(Entries taken from a collection)
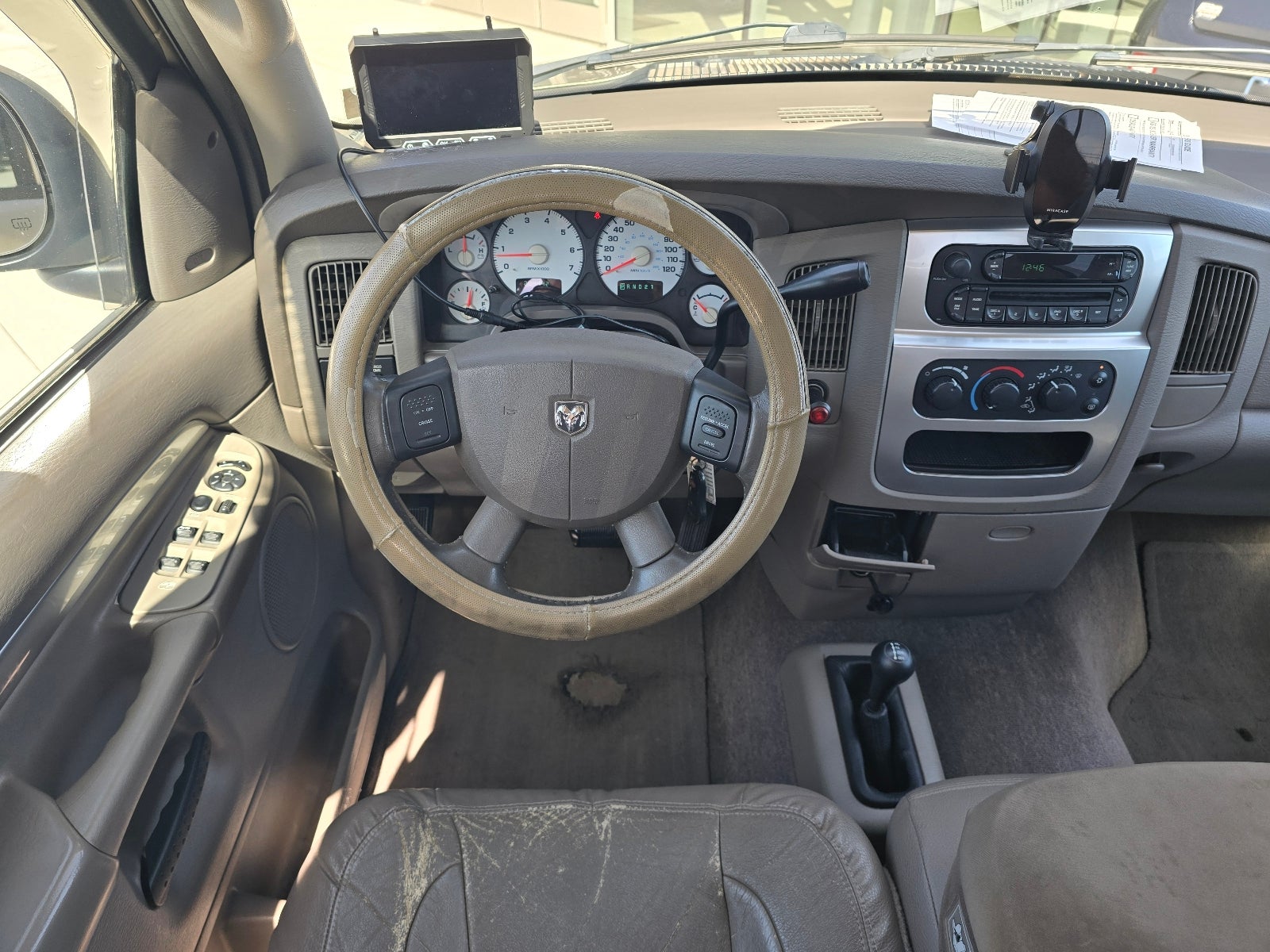 2005 Dodge Ram Pickup SLT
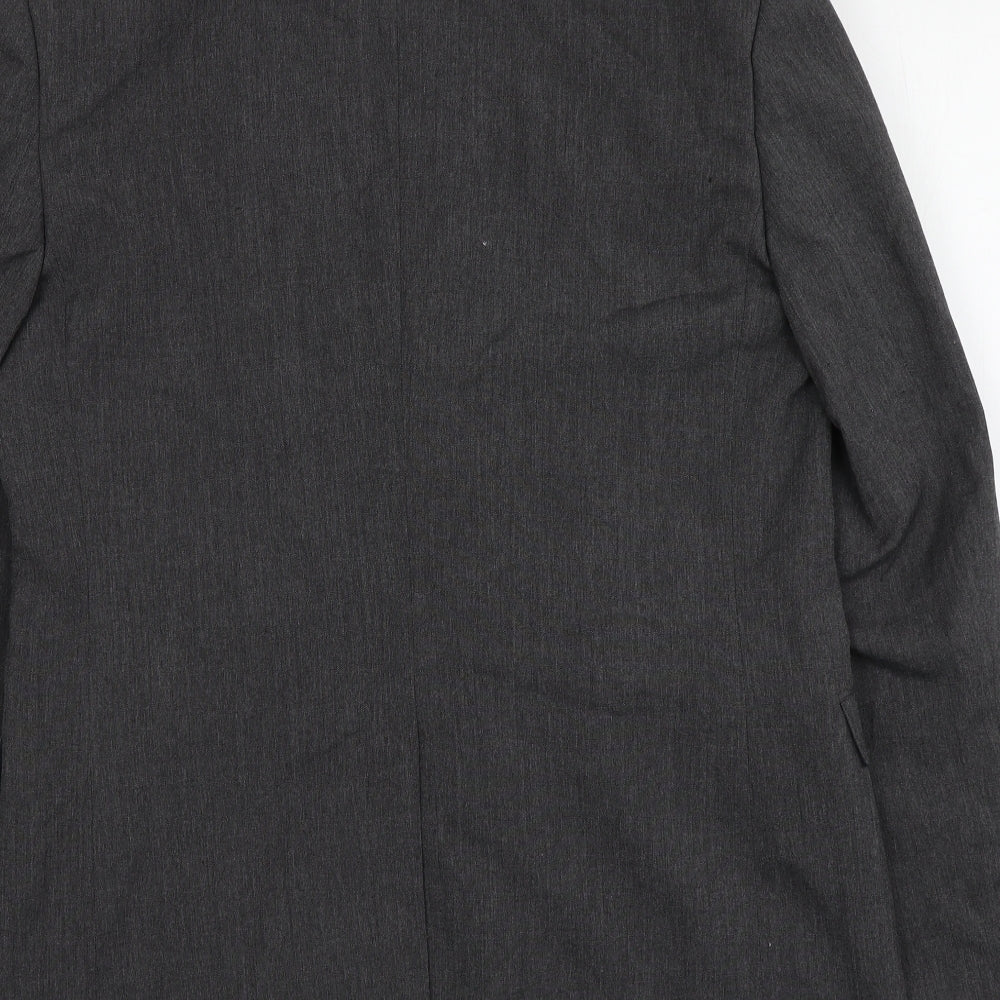 Primark Mens Grey Jacket Size 40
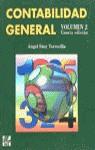 CONTABILIDAD GENERAL VOL.2 | 9788448103255 | SAEZ TORRECILLA, ANGEL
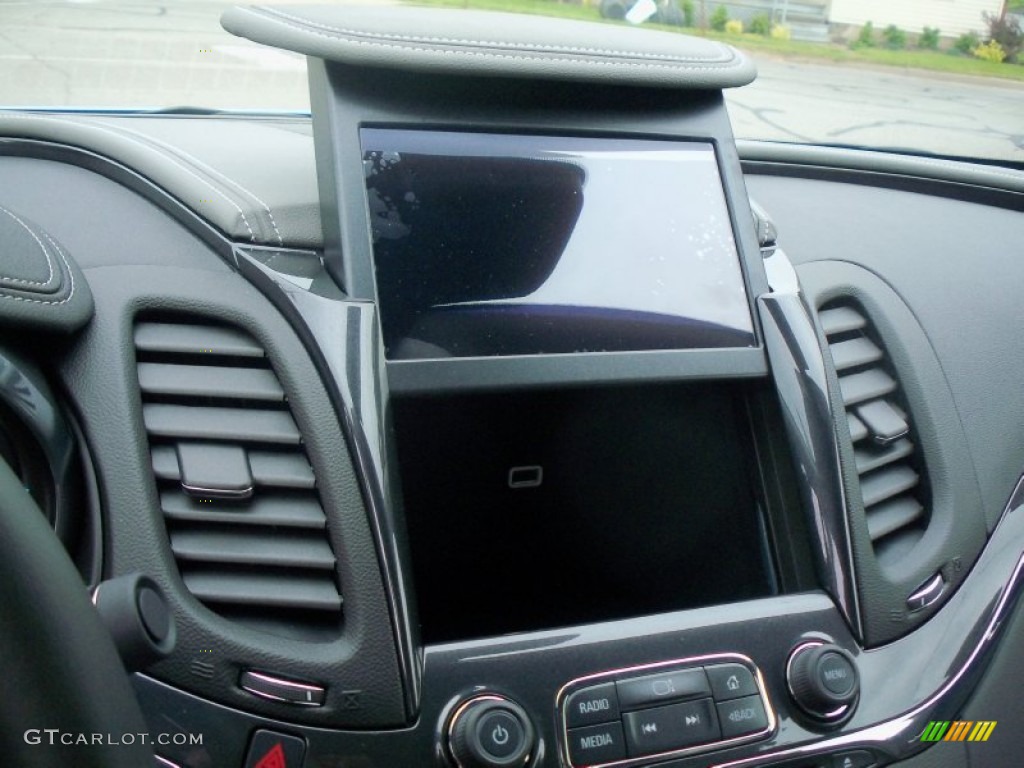 2014 Impala LT - Silver Ice Metallic / Jet Black/Dark Titanium photo #41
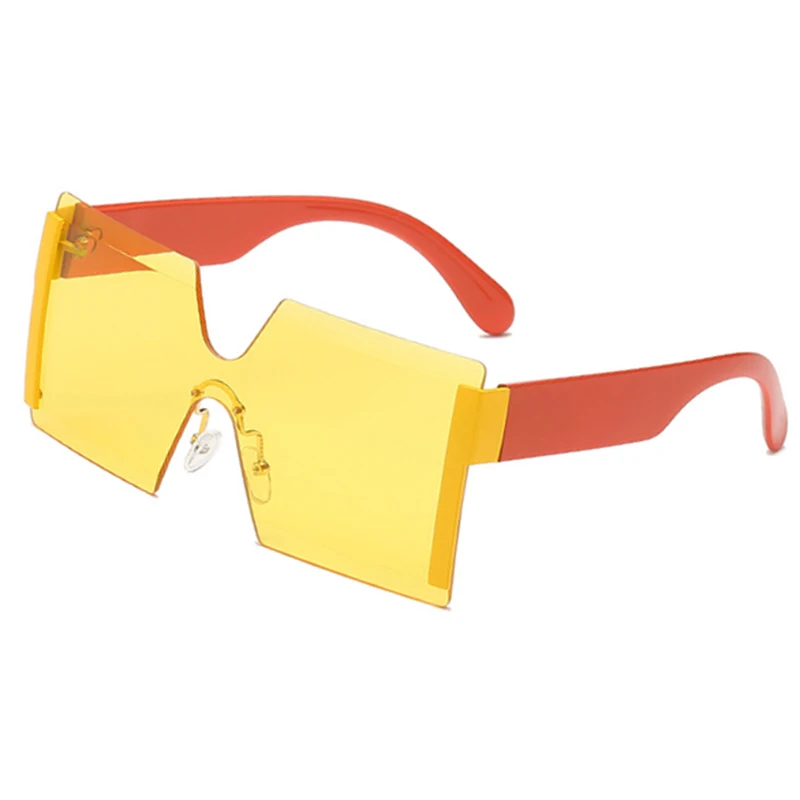 

2021 unique design multi colors fast delivery luxury women sunglasses with cloth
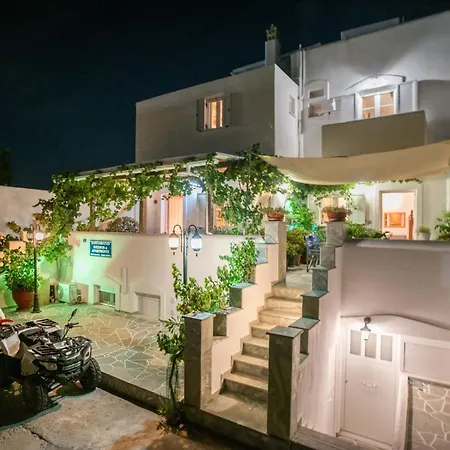 Standard Double Village-mountain View Second Floor Apartment Parikia (Paros)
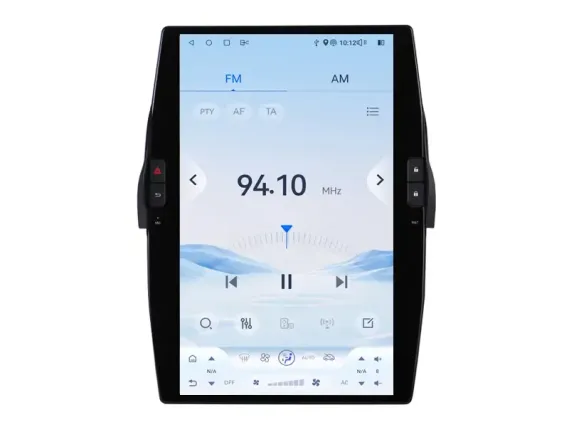 Chevrolet Camaro (2009-2015) Tesla Android car radio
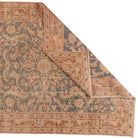 Pau Vintage Rug | 3'7" x 8'5" - elsie green - textiles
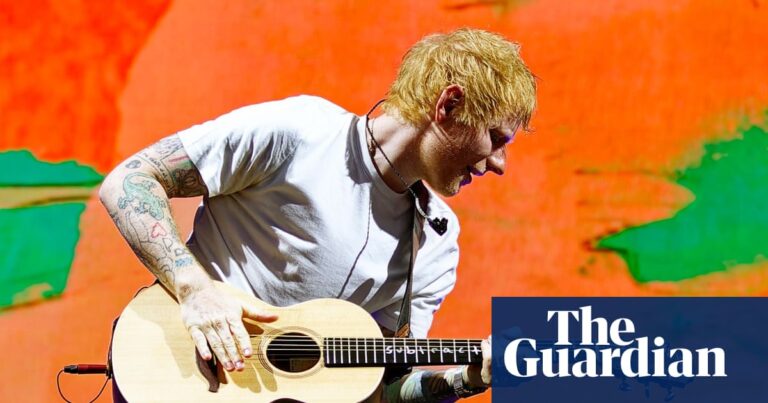 Ed Sheeran tour crisis: how Macklemore protest sparked a reckoning
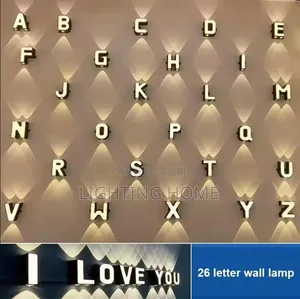 Alphabet Light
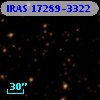 IRAS 17289-3322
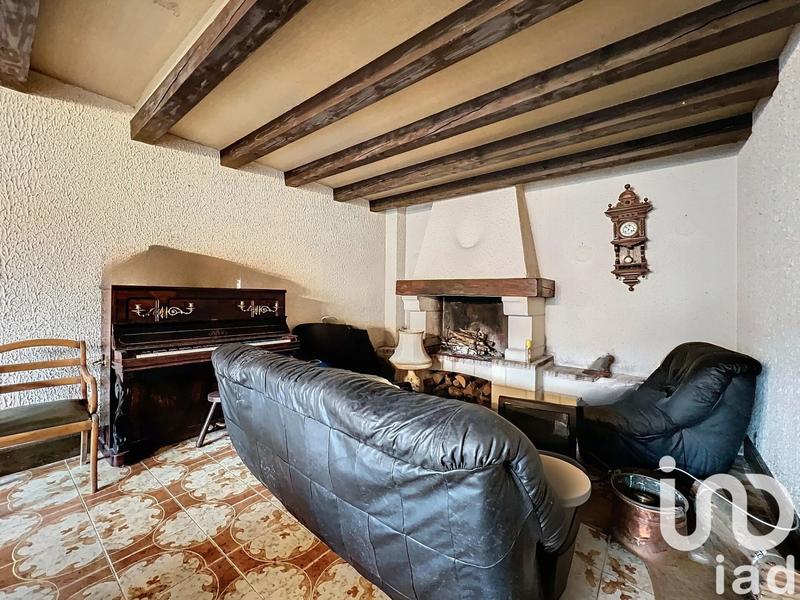 Maison - 133 m² - 5 pièces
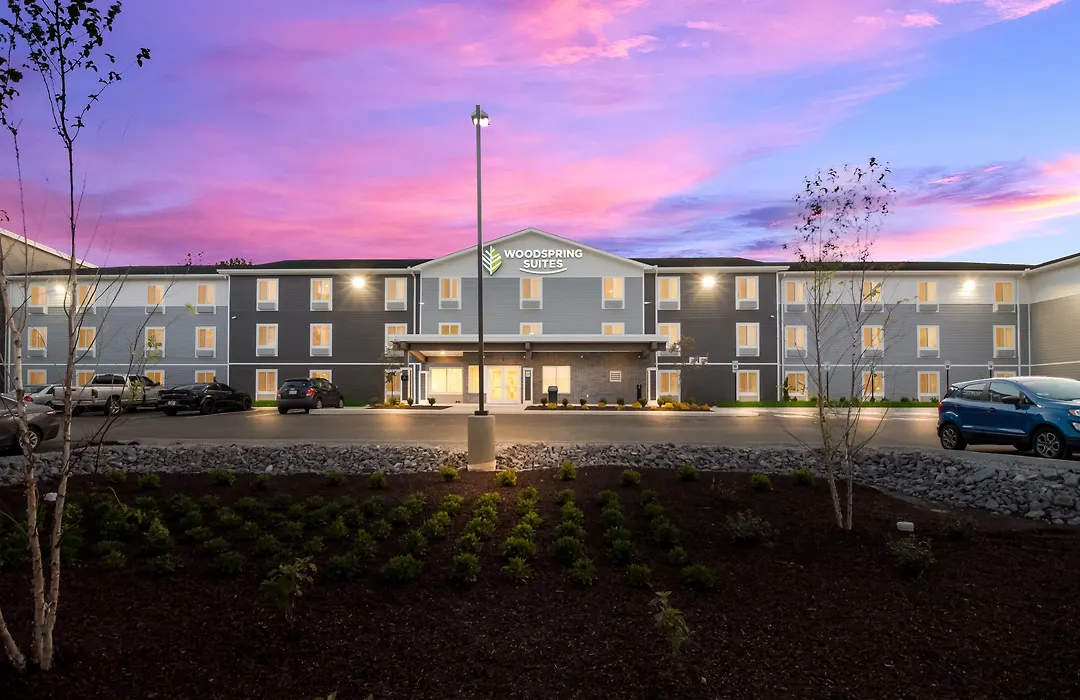 Woodspring Suites Hermitage - Nashville Airport-1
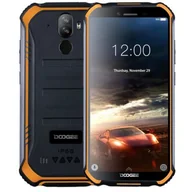 Telefony komórkowe - Doogee S40 32GB Dual Sim Pomarńczowy - miniaturka - grafika 1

--- Task description ---
Each line from the one containing "Chevrolet Camaro (2009-2015)" through the last line of the entries above is to be extracted exactly. Pictures are not part of the copy.

--- Written answer ---
 Chevrolet Camaro (2009-2015) Tesla Android car radio
 Pau Vintage Rug | 3'7" x 8'5" - elsie green - textiles
 Ed Sheeran tour crisis: how Macklemore protest sparked a reckoning
 Alphabet Light
 IRAS 17289-3322
 Maison - 133 m² - 5 pièces
 Woodspring Suites Hermitage - Nashville Airport-1
 Telefony komórkowe - Doogee S40 32GB Dual Sim Pomarńczowy - miniaturka - grafika 1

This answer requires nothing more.